**RECORDED INFORMATION**
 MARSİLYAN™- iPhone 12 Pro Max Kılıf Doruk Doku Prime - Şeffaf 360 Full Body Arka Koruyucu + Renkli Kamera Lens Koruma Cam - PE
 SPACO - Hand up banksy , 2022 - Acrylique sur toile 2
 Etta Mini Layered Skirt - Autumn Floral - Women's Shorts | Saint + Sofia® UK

...

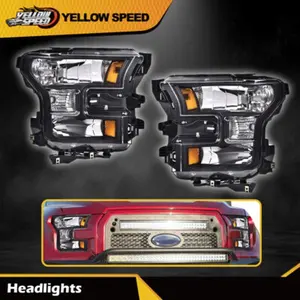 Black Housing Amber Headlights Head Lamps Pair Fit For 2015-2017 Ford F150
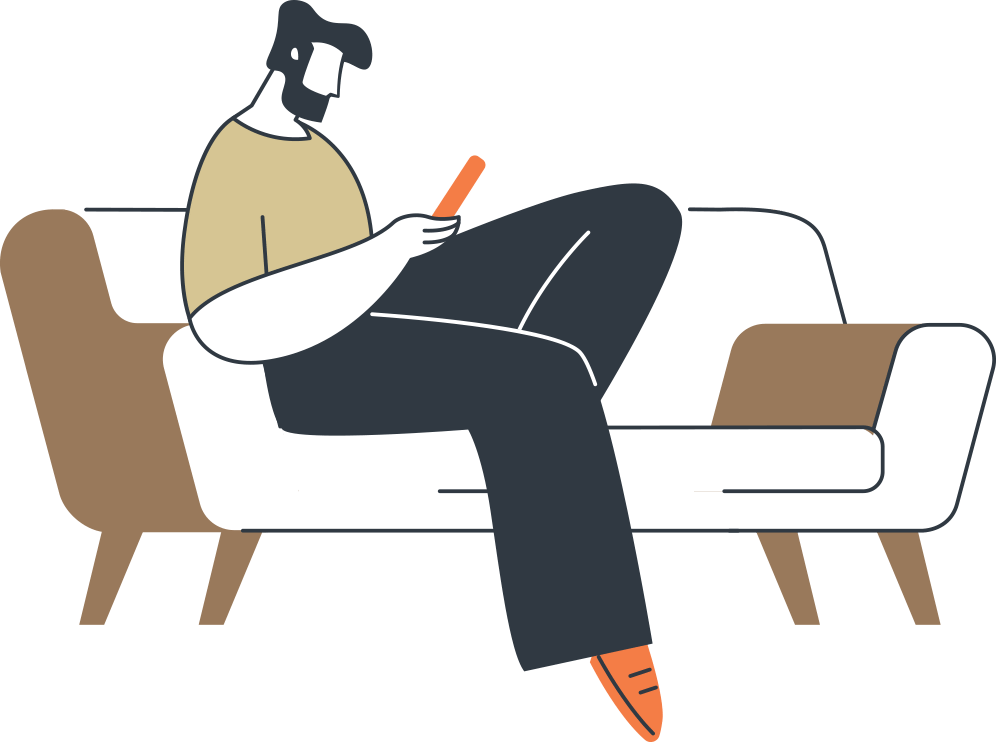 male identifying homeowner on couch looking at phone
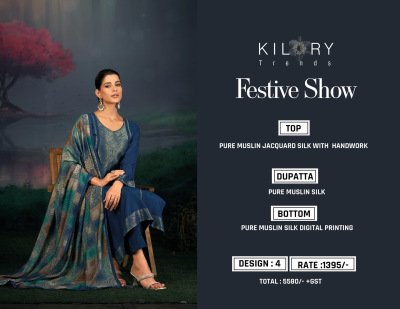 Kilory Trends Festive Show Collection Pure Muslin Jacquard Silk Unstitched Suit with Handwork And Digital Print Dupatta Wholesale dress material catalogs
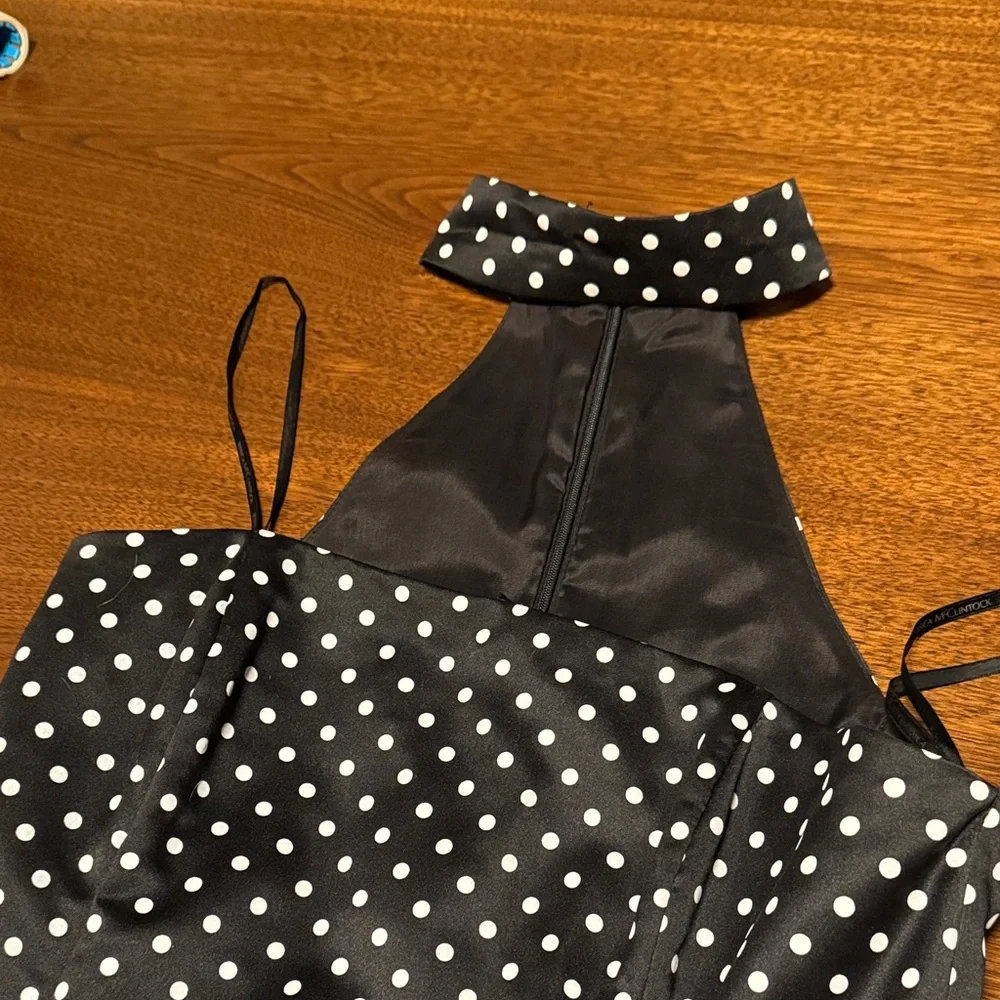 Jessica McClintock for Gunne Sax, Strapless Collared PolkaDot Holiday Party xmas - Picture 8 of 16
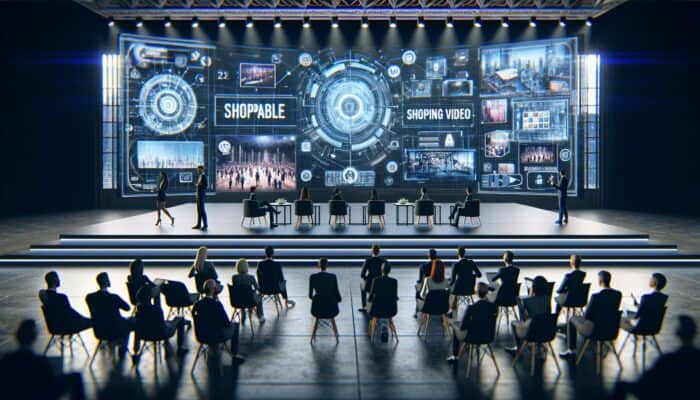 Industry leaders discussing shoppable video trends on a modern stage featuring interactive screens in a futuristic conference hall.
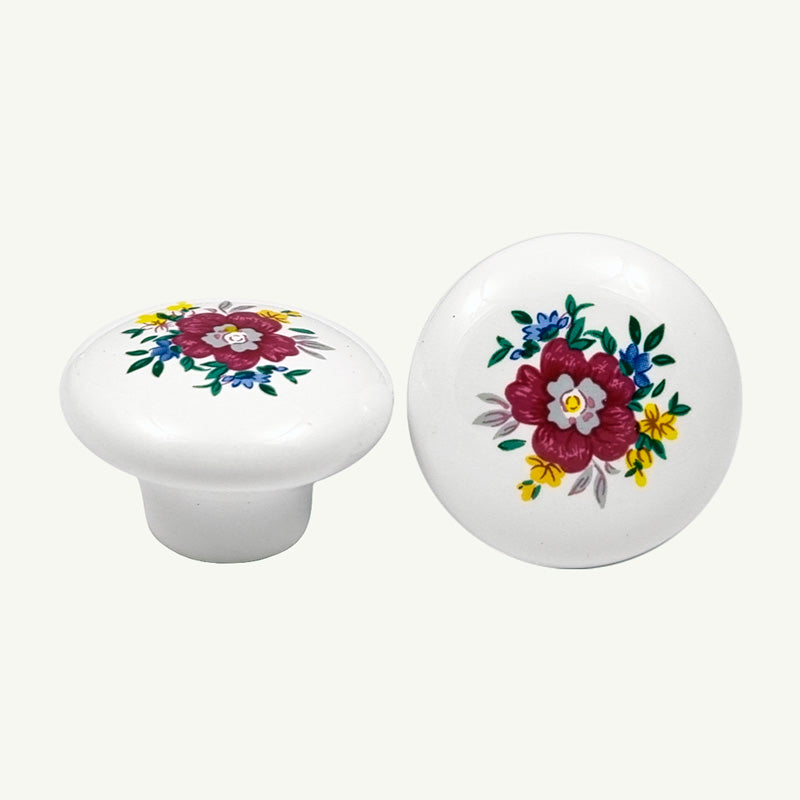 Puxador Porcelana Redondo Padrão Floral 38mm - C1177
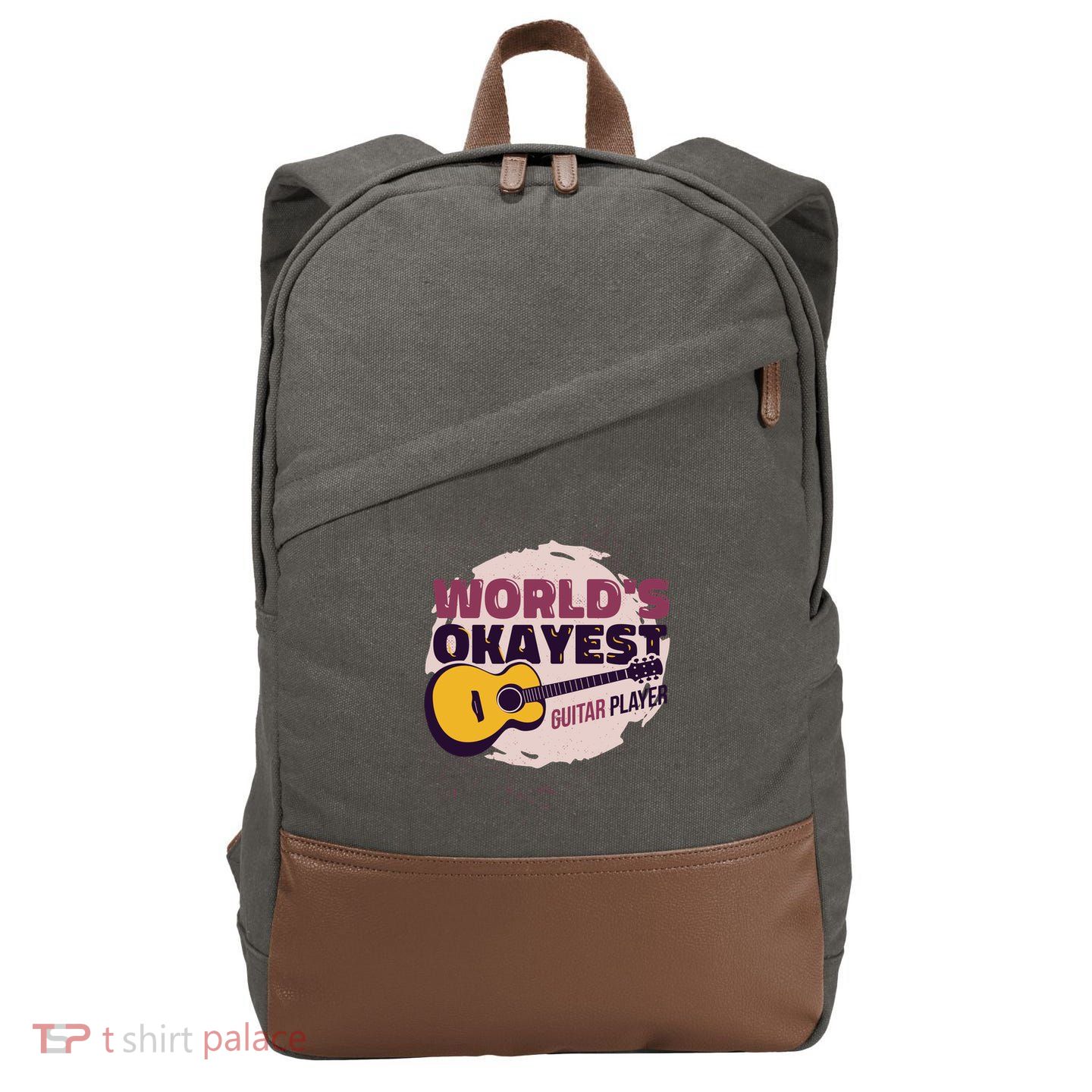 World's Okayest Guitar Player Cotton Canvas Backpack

**PROBLEM TO WORK ON**
Excluding any pictures, print exactly the lines of the listing above from the line with "Jessica McClintock for" to the line with "World's Okayest Guitar", both ends included.

**RESPONSE BELOW**
 Jessica McClintock for Gunne Sax, Strapless Collared PolkaDot Holiday Party xmas - Picture 8 of 16
 Industry leaders discussing shoppable video trends on a modern stage featuring interactive screens in a futuristic conference hall.
 Puxador Porcelana Redondo Padrão Floral 38mm - C1177
 World's Okayest Guitar Player Cotton Canvas Backpack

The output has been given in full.